As Sunderji notes, families at a given position in the distribution of incomes have a very strong tendency to spend a similar portion of their incomes on housing over time. But, at any given time, families across incomes systematically spend much different portions of their incomes on housing.
There is some value in measuring the percentage of households that spend more than 30% of their incomes on rent. In a way, I think this strengthens the case for the 30% threshold as a warning sign, because if half of households are normally above that, and currently 55% or 60% are above it, that is a strong sign, not just of marginal constraints in housing supply, but of constraints so overwhelming that they move families away from these very stable long-term patterns.
As I’ve probably noted before, if someone from Ohio gets a job offer in New York City, they would never cut their calorie intake by 70% in order to make their budget work in New York, but they very well might move to a 70% smaller home. Housing is a bundle of some essential necessities and a lot of luxuries. We are very willing to trade off those luxuries to keep our spending in line. But, there are also endowments as part of that bundle (living in a hometown, being near family and friends, knowing ones neighbors, knowing local support services, etc.). We dislike trading those away nearly as much as we dislike trading away necessities like a roof and a kitchen. So, when the newcomer moves into the 70% smaller home in New York City, New York City housing politics require that someone else must trade away their necessities and endowments to move out of New York City. Resistance to those moves is why New York City is expensive, more than demand from the newcomer is.

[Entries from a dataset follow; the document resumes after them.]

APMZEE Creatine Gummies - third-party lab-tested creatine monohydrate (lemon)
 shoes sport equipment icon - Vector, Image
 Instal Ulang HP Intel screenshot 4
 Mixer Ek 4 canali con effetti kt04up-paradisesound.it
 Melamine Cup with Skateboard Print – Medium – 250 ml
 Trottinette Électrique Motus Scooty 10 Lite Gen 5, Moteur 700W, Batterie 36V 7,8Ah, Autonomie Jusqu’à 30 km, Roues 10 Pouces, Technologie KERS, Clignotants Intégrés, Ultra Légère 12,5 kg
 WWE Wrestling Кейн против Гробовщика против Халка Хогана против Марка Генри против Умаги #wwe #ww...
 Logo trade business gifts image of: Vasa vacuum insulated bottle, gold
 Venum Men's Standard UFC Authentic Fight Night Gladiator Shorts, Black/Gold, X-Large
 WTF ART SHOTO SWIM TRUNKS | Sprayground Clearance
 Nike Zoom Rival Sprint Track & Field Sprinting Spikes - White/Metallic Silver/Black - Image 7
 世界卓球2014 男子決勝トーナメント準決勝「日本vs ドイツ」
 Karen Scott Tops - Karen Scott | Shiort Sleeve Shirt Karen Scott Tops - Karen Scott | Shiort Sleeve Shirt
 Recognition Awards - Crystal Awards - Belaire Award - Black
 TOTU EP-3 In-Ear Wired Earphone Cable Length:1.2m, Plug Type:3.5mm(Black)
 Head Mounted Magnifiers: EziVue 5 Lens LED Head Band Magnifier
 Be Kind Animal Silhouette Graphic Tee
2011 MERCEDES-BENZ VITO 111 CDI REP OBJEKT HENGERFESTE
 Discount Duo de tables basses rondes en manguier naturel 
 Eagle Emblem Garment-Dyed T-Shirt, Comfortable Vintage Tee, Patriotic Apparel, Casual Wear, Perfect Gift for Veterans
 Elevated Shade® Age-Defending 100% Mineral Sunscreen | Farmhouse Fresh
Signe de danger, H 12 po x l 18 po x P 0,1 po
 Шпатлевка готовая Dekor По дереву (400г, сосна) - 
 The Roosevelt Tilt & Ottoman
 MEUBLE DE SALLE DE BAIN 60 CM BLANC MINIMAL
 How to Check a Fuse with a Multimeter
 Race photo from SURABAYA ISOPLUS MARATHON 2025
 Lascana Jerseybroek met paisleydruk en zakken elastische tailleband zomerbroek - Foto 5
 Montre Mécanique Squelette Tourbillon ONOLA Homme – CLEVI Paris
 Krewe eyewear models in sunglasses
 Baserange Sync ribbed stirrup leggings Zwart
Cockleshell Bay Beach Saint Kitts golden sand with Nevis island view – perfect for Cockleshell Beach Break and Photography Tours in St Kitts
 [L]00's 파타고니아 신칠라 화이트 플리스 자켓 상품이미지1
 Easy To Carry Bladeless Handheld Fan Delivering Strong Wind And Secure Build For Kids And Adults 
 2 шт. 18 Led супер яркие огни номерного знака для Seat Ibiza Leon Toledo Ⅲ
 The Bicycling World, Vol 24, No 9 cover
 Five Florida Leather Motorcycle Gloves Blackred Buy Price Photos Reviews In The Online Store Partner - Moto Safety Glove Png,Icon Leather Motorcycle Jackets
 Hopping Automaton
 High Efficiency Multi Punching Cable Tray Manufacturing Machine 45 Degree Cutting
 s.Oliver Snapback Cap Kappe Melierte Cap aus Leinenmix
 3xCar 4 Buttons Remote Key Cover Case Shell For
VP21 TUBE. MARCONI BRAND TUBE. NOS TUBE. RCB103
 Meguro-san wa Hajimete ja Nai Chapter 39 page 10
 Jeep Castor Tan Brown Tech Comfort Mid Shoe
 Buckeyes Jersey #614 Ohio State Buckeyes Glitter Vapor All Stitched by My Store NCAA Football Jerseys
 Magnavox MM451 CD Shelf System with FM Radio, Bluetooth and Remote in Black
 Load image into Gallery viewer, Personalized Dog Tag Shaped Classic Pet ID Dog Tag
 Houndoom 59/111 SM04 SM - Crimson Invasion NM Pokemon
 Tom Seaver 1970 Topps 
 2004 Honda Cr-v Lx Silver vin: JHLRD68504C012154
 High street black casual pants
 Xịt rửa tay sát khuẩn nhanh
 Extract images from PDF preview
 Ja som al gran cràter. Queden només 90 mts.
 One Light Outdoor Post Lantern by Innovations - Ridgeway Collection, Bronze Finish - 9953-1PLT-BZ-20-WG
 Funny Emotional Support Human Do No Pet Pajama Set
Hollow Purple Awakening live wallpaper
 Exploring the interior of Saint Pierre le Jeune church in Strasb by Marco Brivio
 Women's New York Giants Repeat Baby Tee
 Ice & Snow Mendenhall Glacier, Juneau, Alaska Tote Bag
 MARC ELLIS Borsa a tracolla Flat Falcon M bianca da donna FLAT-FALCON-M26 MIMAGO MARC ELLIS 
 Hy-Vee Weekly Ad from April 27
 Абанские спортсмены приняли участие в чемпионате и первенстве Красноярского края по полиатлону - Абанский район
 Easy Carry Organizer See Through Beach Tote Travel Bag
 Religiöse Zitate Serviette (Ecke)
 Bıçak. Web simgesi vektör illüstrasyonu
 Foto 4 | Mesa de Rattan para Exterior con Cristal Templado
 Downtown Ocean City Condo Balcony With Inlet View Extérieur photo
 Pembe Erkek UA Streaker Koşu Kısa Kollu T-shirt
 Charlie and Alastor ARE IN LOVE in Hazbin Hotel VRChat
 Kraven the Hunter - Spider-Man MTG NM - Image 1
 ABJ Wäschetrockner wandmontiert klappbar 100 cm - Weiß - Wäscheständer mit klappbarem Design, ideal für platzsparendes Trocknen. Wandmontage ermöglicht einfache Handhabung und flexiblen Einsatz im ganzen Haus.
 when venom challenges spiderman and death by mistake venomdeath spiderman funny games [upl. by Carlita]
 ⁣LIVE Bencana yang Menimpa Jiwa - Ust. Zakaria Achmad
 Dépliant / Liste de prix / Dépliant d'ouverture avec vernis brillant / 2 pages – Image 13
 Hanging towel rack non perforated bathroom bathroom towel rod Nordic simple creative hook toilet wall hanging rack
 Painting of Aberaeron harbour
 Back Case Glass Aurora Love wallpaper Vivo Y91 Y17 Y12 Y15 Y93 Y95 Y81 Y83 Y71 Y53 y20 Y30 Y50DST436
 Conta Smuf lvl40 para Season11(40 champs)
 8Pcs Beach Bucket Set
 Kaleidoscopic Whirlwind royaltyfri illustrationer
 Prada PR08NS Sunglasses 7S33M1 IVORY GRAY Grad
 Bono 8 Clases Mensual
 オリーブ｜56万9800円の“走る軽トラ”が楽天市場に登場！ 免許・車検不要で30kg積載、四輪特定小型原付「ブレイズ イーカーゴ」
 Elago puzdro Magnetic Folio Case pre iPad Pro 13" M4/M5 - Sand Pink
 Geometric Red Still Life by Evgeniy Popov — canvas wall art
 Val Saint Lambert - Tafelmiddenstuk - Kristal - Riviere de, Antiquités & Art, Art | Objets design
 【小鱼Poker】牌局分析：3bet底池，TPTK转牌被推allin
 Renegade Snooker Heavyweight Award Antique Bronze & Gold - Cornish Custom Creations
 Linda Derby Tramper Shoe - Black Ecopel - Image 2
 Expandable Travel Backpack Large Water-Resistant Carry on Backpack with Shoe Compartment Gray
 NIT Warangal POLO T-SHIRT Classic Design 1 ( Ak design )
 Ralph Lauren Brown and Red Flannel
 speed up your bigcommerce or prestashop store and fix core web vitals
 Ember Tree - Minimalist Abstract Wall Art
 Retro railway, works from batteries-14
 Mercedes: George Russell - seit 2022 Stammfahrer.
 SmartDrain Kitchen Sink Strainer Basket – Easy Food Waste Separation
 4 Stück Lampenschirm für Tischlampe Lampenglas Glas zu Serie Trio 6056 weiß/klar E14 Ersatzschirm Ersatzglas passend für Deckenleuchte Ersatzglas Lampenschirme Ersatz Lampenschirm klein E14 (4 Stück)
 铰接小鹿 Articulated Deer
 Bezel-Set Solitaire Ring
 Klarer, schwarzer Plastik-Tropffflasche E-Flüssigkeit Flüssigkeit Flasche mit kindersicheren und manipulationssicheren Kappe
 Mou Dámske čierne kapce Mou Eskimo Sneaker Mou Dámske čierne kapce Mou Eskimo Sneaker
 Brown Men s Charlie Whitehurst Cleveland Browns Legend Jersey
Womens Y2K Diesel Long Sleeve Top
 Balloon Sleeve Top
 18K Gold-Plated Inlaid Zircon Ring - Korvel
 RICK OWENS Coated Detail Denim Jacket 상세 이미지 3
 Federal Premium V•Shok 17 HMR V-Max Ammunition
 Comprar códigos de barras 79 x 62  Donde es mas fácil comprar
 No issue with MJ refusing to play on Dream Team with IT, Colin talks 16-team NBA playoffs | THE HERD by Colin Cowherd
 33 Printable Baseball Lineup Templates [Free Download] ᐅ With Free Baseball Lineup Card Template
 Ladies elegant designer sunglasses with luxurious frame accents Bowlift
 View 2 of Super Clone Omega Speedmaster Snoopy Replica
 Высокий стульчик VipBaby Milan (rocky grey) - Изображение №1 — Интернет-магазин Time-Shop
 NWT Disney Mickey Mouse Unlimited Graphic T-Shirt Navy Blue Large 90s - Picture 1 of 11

The newcomer is bending. The marginal leavers in a city decades into persistent displacement are not keen to bend on the housing necessities they are holding on to. And, when one of the small portion of displaced New Yorkers who value the endowments of their life in New York City even more than the necessities of shelter and privacy becomes the next marginal displaced resident, they remain in New York City and give up their shelter.
(Don’t take this to mean that New York City’s problem is too many newcomers. They have a normal number of newcomers, but their housing policy makes those newcomers disruptive.)
That is why housing expenses have this pattern and other categories of consumption don’t. We bend a lot to keep spending within the normal range. Though, it happens in chunks. We don’t all trade around the housing stock every month to keep our budgets intact. And, we don’t easily trade-off elements of housing when housing expenses are so out of line that they require us to trade down, especially if that means giving up endowments or necessities.
That explains the downward slope of the rent/income pattern. Families with lower incomes are paying, mostly, for necessities and endowments. However, I think there are some tricky issues with housing now that make the spending levels within each decile in the chart look more stable than they actually are. And there are some subtle things to consider about housing consumption that I think this chart helps to inform. And, I have one or two complaints about Sunderji’s post.
First, A Complaint
I have a commitment to pointing this out when people do it. Sunderji writes, “More building might get you more square footage for your 30% (the median new home grew from 1,500 sq ft in 1970 to 2,300 sq ft by 2020). But it won’t change that 30%, which seems to be the equilibrium share that humans allocate to shelter when they have any choice at all.”
Sunderji tends to be a skeptic of the supply crisis narrative. Supply skeptics have to benchmark to 1970 and whistle past the the most recent 3 decades on this point because households haven’t been getting significantly smaller, and new homes haven’t been getting larger for some time. New homes have been getting smaller, on average, since 2007. The average new home today (inclusive of both single-family and multi-family) is roughly the same size as it was in the mid-1990s, even though the average real income is up 70%. That’s a huge differential.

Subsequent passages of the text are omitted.